The company’s investigation concluded that the ‘run off’ was attributed to the effects of a Soliton. A full description of this phenomenon can be found at citeseer.ist.psu.edu/hsu00nonlinear.html (also see falkirk-wheel.com/edinburgh/information/john_scott_russell.html. However, by the simplest definition they are subsea waves of significant risk potential for diving and ROV operations. Detection by slight surface irregularities with either the naked eye or radar is possible. They tend to be seasonal and, although their direction of travel is somewhat predictable, reliance on direction alone as a precaution is not advised.

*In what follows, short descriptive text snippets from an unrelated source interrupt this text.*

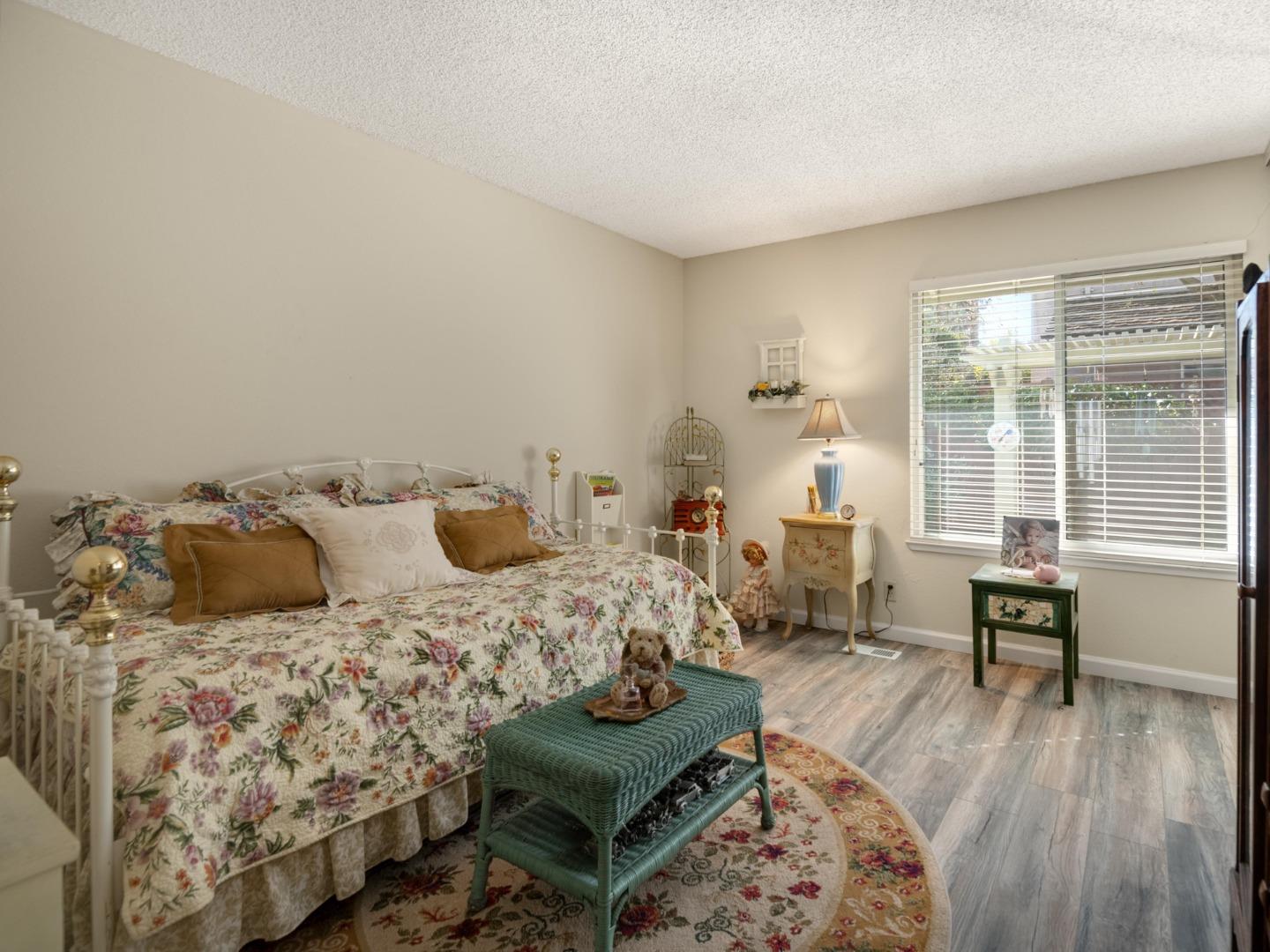 7026 Burnside Drive San Jose, CA 95120 - Photo 26 of 60 a bedroom with bed couch and window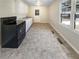 Bright kitchen with tile floors, white cabinets and modern black appliances at 3668 Bunker Hill Sw Dr, Atlanta, GA 30331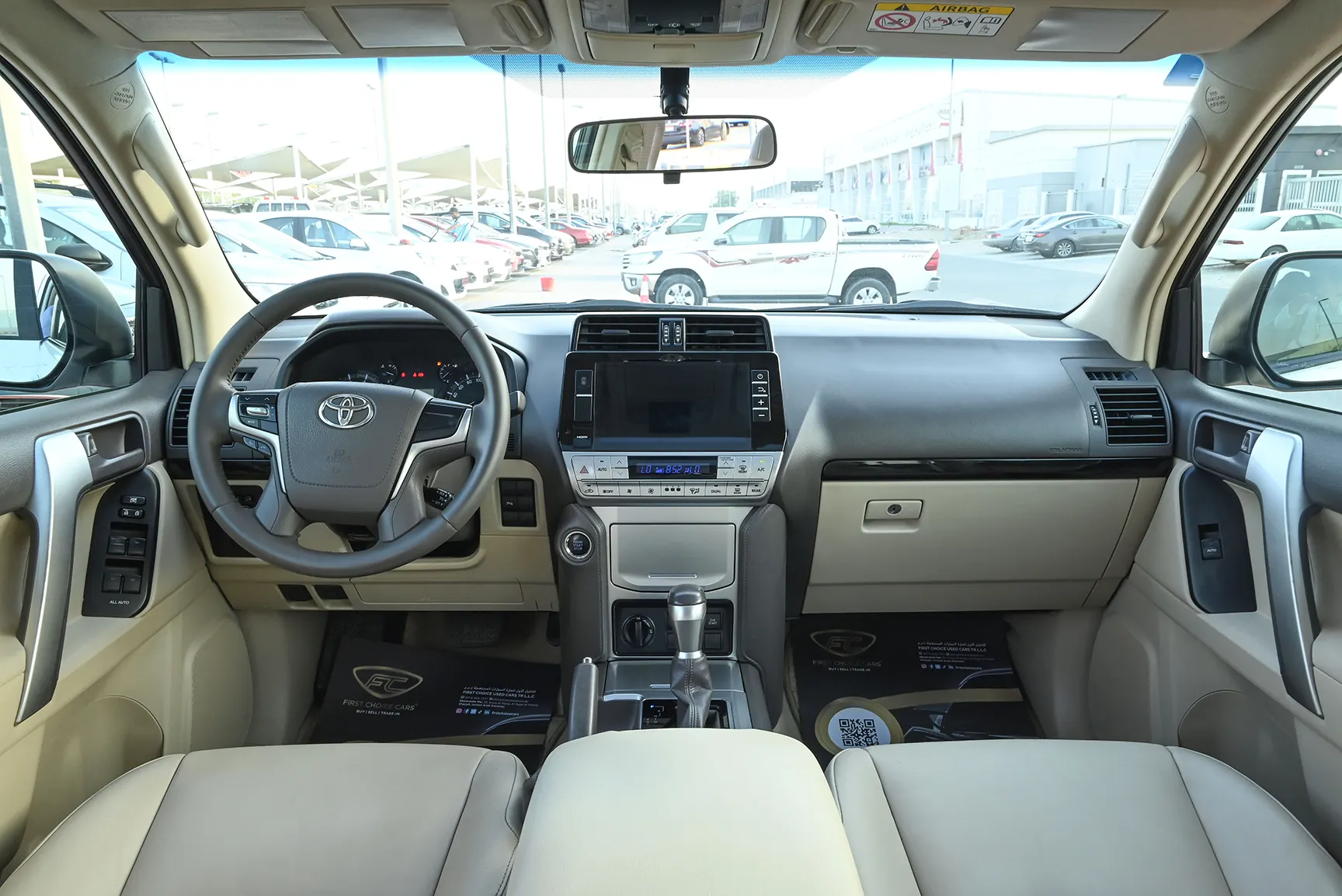 Used 2019 Toyota Prado VXR White – Front Cabin / Dashboard Full View at First Choice Cars Sharjah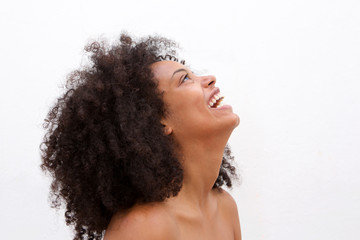 Side portrait of laughing black woman with bare shoulders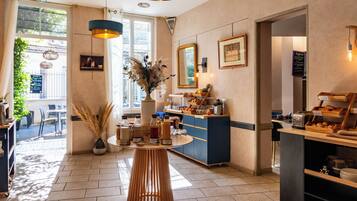 A modern cafe with a wooden table, a vase with dried plants, a coffee machine, and a counter with bread and pastries.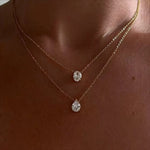 Close-up of a woman wearing an 18k gold plated layered necklace set featuring diamond-like oval and teardrop solitaire pendants.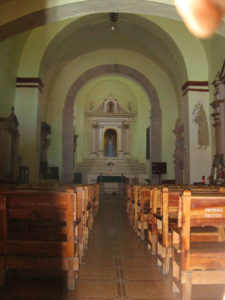 Julia Taylor was able to get a picture of the church interior through the hole in the door. Tis is the San Esteban church in Zacatepex, Morelos. © Julia Taylor, 2008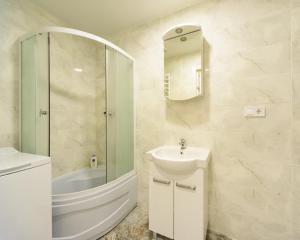 a white bathroom with a sink and a shower at Smart House 7 in Kyiv +64 photos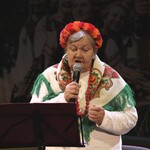 Starsza kobieta w wianku z kwiatów na głowie trzyma w ręku mikrofon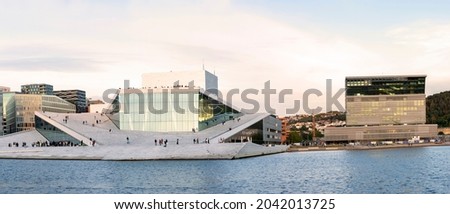 Oslo, Norway. Scenic Night Evening View Of Illuminated Norwegian National Opera And Ballet House Among Contemporary High-Rise Buildings. Panorama, Panoramic View.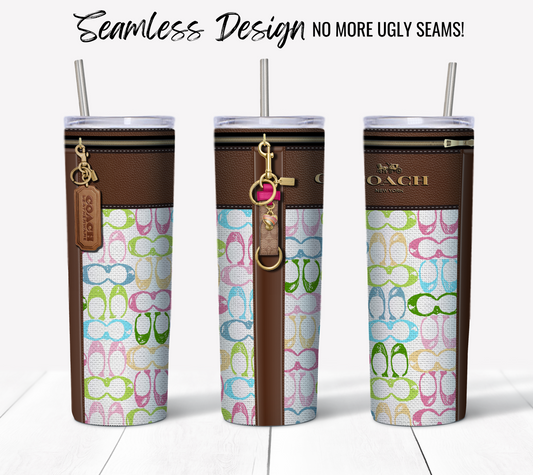 Displayed are three tall, seamless 20 oz skinny tumblers featuring the NY Coach Pastel Monogram Fabric Texture with colorful flip-flop patterns and brown leather accents. Each tumbler includes a metal straw, decorative charms, and displays a logo. The text at the top reads, "Seamless Design No More Ugly Seams!" making it ideal for those in search of unique sublimation tumbler wraps.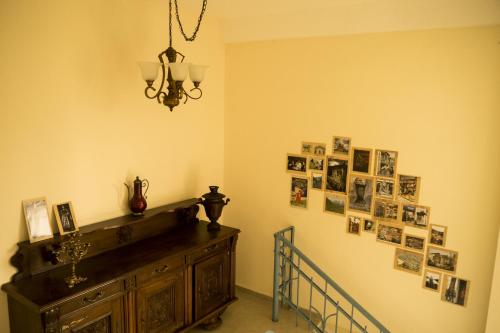 a room with a dresser and pictures on the wall at The Rolé House in Gurjaani
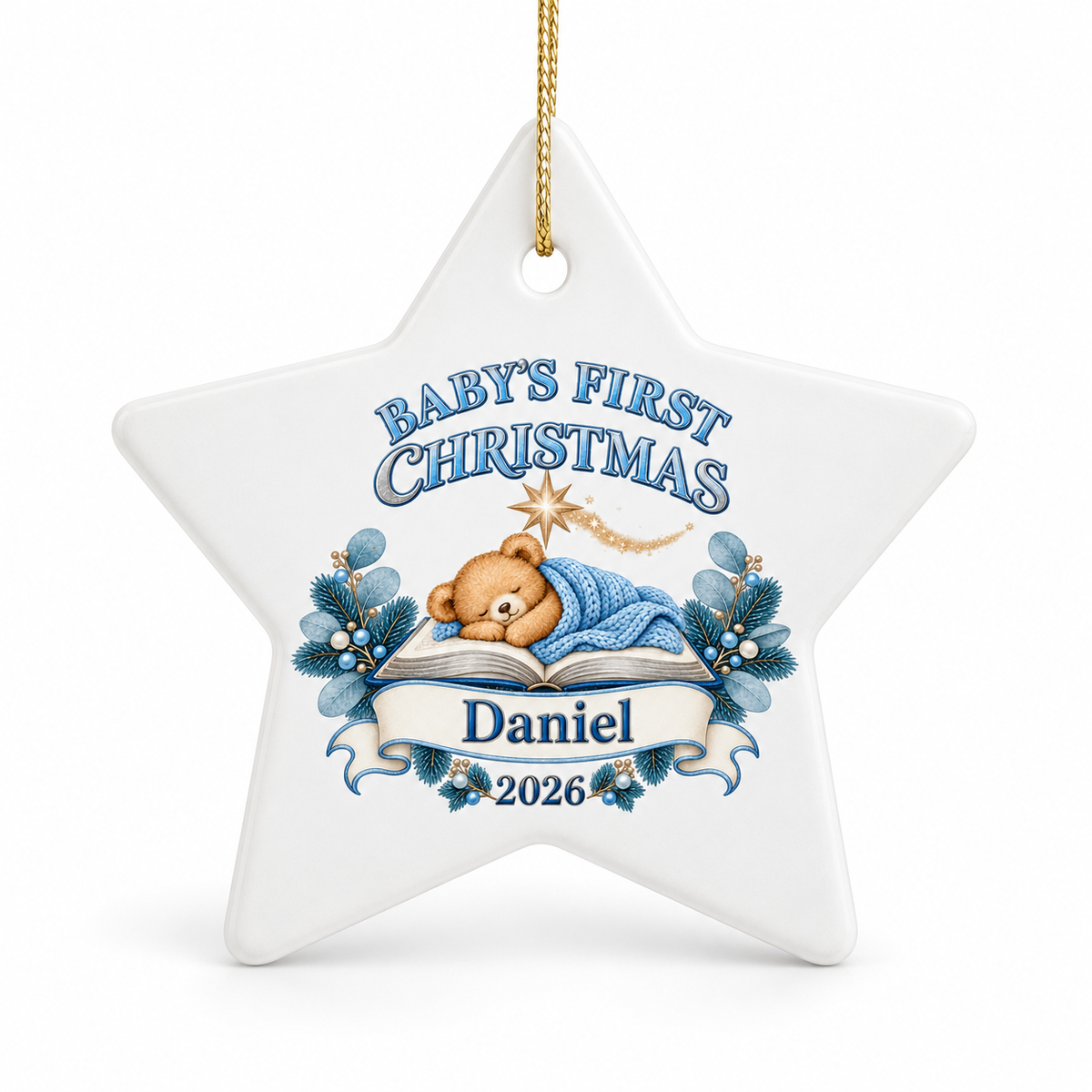 A white star-shaped ceramic Christmas ornament hanging by a gold string, featuring a personalized design for 'Baby's First Christmas' with a teddy bear sleeping under a blue blanket, blue holly leaves, and the name 'Daniel' with '2026'.
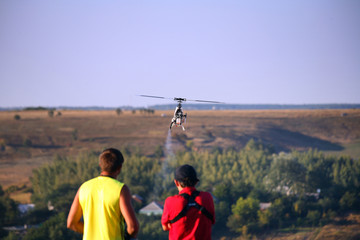 Two guys compete on radio controlled helicopter © Davydov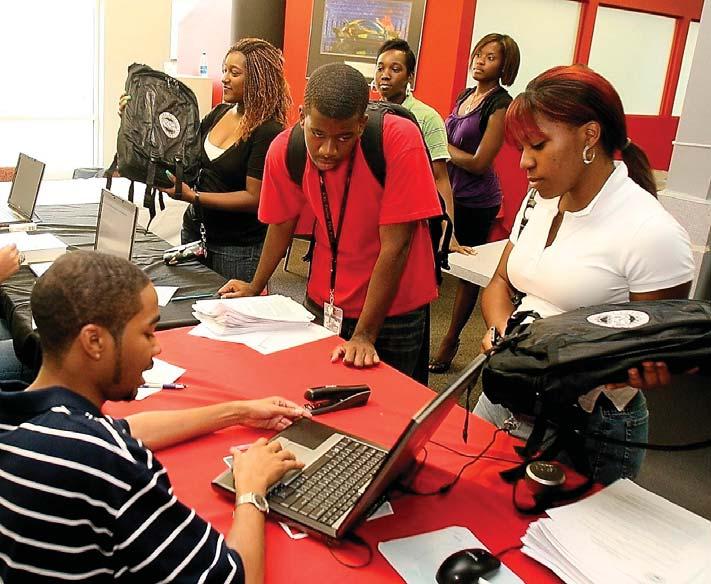 Freshman students receive laptops as part of a pilot program funded by Title III. III, CAU has worked to ensure its students are properly equipped for 21st century learning.
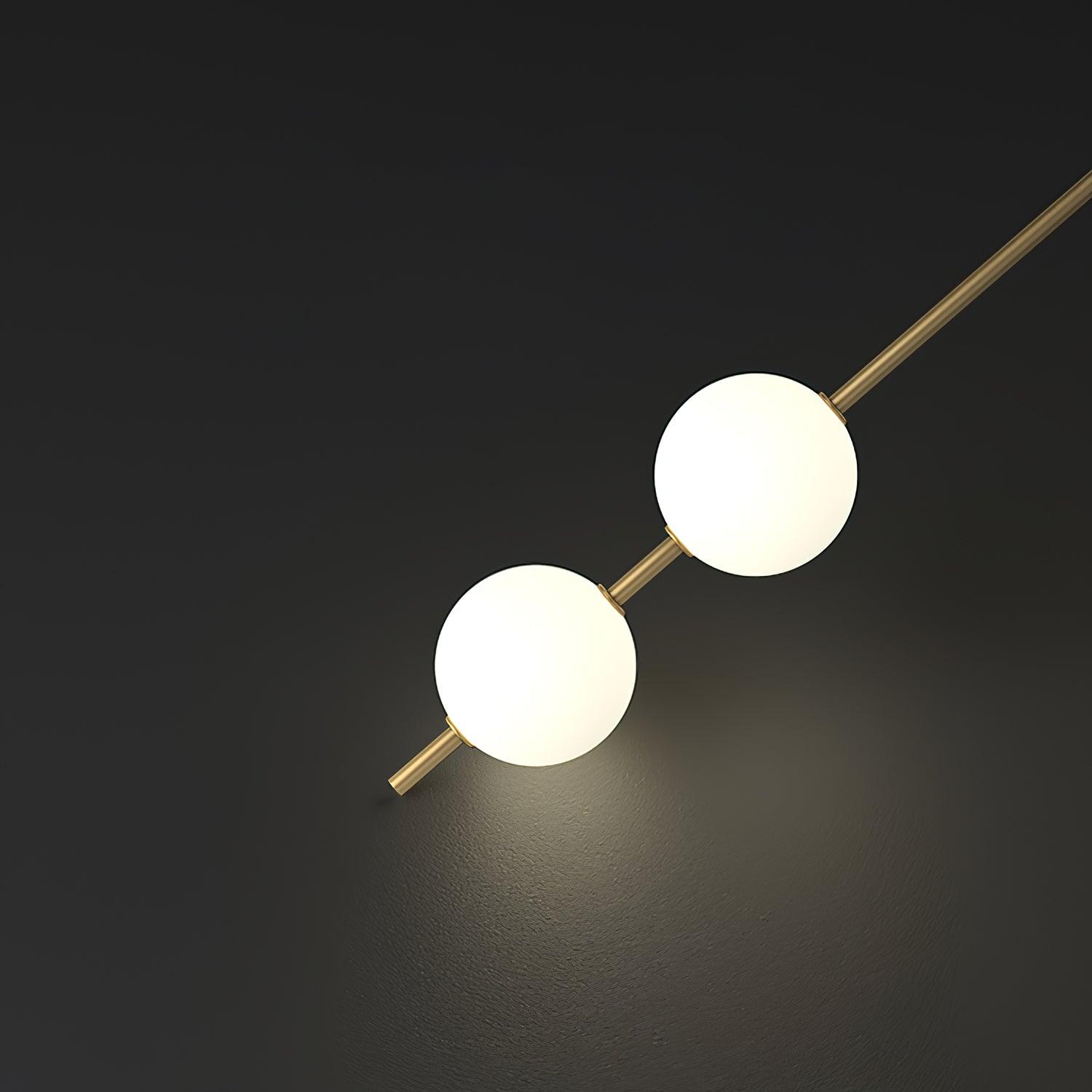 Close view of a slim gold-toned rod carrying white ball shades, lit, against a dark background.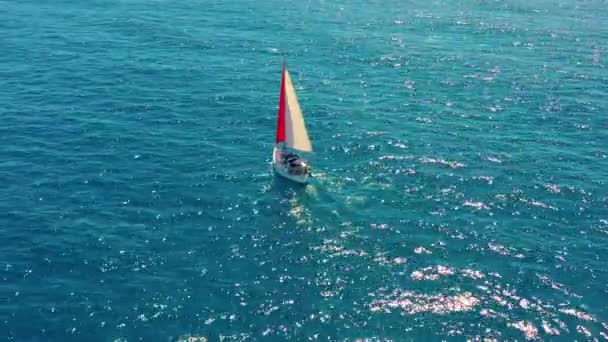 Aerial view. Sailing yacht with red sail in the open Sea. — Stock Video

The company carried out a risk assessment and made recommendations for operating in waters of known Soliton activity as follows:

  • When feasible, schedule work for low season Soliton activity;
  • Seek local knowledge and experience with regards to expected activity levels;
  • The vessel heading should be into the direction of the most likely Soliton approach regardless of optimum heading for DP or other environmental considerations;
  • A dedicated competent person shall remain on radar watch at all times during critical work phases;
  • Radar shall be tuned to optimise potential to see approaching Soliton, setting the sensitivity/gain to reduce wave scatter;
  • Break away or quick release lines should be installed on all down-lines;
  • Facility to overboard the supply end of tool umbilicals with buoys attached should be provided;
  • Clear runs for overboard lines on deck should be established and maintained;
  • When feasible, two divers should be working together at all times;
  • The DP operator is to be alerted when the divers have entered a structure or confined area;
  • Optimise control at subsea structure positions;
  • Divers should be immediately alerted of all anomalies;
  • No diver ‘turn arounds’ if attached to fixed structures in known Soiliton areas.